The 2002 amendment, effective April 25, 2002, in subsection (a), in the first sentence, inserted "reported to or", deleted "or admitted to" preceding "by the marketer" and substituted ", the marketer shall have 30 days to correct the billing error from the date said error is reported to or acknowledged by the marketer" for "and resulting", added the second and third sentences, and added "In the event the billing error results" at the beginning of the fourth sentence.

Editor's notes.

- Ga. L. 2001, p. 1084, § 4, effective April 27, 2001, and Ga. L. 2001, p. 1206, § 4, effective April 28, 2001, enacted identical versions of this Code section.

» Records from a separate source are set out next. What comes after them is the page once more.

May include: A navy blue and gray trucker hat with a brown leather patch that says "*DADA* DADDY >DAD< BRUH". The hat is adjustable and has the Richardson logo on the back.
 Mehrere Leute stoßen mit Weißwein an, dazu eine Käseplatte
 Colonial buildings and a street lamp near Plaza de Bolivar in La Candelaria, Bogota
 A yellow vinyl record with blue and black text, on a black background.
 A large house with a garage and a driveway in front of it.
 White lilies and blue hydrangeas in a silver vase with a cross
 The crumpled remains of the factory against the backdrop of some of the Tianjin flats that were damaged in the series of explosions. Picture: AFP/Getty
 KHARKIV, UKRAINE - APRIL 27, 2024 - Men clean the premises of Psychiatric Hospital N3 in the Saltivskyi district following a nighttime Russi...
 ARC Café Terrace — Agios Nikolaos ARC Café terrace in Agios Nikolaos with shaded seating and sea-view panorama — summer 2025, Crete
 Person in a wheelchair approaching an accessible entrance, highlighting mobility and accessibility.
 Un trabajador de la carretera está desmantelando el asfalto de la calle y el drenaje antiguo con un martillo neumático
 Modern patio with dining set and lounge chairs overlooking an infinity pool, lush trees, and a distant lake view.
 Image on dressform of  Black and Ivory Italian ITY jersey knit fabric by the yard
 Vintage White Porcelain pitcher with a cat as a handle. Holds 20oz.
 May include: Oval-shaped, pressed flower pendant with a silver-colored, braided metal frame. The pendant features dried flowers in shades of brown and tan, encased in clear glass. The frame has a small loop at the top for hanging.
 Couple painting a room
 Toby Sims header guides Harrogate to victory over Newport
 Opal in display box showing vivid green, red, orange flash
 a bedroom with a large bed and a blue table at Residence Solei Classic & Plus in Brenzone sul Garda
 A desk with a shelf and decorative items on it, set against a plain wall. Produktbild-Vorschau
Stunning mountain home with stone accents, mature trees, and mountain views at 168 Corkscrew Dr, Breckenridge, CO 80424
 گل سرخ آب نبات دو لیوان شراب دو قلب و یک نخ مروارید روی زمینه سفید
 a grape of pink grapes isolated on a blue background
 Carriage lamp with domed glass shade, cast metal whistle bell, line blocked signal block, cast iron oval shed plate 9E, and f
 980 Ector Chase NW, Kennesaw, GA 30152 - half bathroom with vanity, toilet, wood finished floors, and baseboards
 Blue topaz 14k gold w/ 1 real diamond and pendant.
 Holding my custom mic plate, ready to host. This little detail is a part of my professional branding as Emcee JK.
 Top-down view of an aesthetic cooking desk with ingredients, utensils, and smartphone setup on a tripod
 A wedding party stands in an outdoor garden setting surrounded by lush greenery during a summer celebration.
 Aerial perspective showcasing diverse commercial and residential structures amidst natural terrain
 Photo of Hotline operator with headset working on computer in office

Ga. L. 2002, p. 475, § 1, not codified by the General Assembly, provides that: "This Act shall be known and may be cited as the 'Natural Gas Consumers' Relief Act.'"

Law reviews.

- For note on the 2001 enactment of O.C.G.A. § 46-4-160.2, see 18 Ga. St. U.L. Rev. 273 (2001).

JUDICIAL DECISIONS

Construction of statute.

- Class representatives motion for reconsideration on the ground that O.C.G.A. § 46-4-160.2 barred the voluntary payment doctrine was denied because although the class representatives urged the court to adopt an expansive interpretation of the term "billing errors", contrary to the class representatives' characterization, that sort of error would not be a mistake of fact, but a difference of interpretation in what constituted a "billing error" under the statute. Although the scope of "billing errors" was arguable, differing interpretations of that term did not constitute grounds on which to vacate the order of dismissal. Robbins v. Scana Energy Mktg., F. Supp. 2d (N.D. Ga. July 30, 2008).

Applicability.

- Georgia Supreme Court's decisions under the Georgia Territorial Electric Service Act (GTESA), in cases involving under-billing by electricity providers, are not necessarily binding with regard to billing by other utility companies however, there is no case law suggesting that natural gas providers warrant greater protection than that afforded to electric vendors under the GTESA; with regard to electric provider under-billing cases, the Georgia Supreme Court has not limited the assertion of affirmative defenses to "innocent" electric consumers only. City of Lawrenceville v. Ricoh Elecs., Inc., 370 F. Supp. 2d 1328 (N.D. Ga. 2005).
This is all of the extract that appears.